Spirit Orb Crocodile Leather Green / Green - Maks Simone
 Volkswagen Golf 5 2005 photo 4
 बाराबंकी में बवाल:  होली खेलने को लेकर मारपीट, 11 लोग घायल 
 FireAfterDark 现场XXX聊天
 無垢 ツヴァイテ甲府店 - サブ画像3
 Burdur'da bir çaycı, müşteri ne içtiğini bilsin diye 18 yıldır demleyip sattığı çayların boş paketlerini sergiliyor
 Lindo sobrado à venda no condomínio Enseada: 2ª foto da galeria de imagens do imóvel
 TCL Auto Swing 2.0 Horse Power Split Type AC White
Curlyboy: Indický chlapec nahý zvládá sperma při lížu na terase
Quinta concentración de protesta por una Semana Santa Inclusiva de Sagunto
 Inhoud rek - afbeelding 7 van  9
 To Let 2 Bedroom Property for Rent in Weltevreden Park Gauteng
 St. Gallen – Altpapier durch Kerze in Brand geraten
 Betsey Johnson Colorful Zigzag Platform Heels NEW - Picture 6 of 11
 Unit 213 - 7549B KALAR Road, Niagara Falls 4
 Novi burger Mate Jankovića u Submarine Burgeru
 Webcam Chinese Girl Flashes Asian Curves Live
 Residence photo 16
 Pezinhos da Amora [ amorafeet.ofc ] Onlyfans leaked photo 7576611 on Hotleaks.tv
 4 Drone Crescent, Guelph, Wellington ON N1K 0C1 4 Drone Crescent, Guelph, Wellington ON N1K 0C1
◇ ◇ ◇ ◇ ◇
EXERCISE: Make an exact copy of every line in the data.

SOLUTION:
Spirit Orb Crocodile Leather Green / Green - Maks Simone
 Volkswagen Golf 5 2005 photo 4
 बाराबंकी में बवाल:  होली खेलने को लेकर मारपीट, 11 लोग घायल 
 FireAfterDark 现场XXX聊天
 無垢 ツヴァイテ甲府店 - サブ画像3
 Burdur'da bir çaycı, müşteri ne içtiğini bilsin diye 18 yıldır demleyip sattığı çayların boş paketlerini sergiliyor
 Lindo sobrado à venda no condomínio Enseada: 2ª foto da galeria de imagens do imóvel
 TCL Auto Swing 2.0 Horse Power Split Type AC White
Curlyboy: Indický chlapec nahý zvládá sperma při lížu na terase
Quinta concentración de protesta por una Semana Santa Inclusiva de Sagunto
 Inhoud rek - afbeelding 7 van  9
 To Let 2 Bedroom Property for Rent in Weltevreden Park Gauteng
 St. Gallen – Altpapier durch Kerze in Brand geraten
 Betsey Johnson Colorful Zigzag Platform Heels NEW - Picture 6 of 11
 Unit 213 - 7549B KALAR Road, Niagara Falls 4
 Novi burger Mate Jankovića u Submarine Burgeru
 Webcam Chinese Girl Flashes Asian Curves Live
 Residence photo 16
 Pezinhos da Amora [ amorafeet.ofc ] Onlyfans leaked photo 7576611 on Hotleaks.tv
 4 Drone Crescent, Guelph, Wellington ON N1K 0C1 4 Drone Crescent, Guelph, Wellington ON N1K 0C1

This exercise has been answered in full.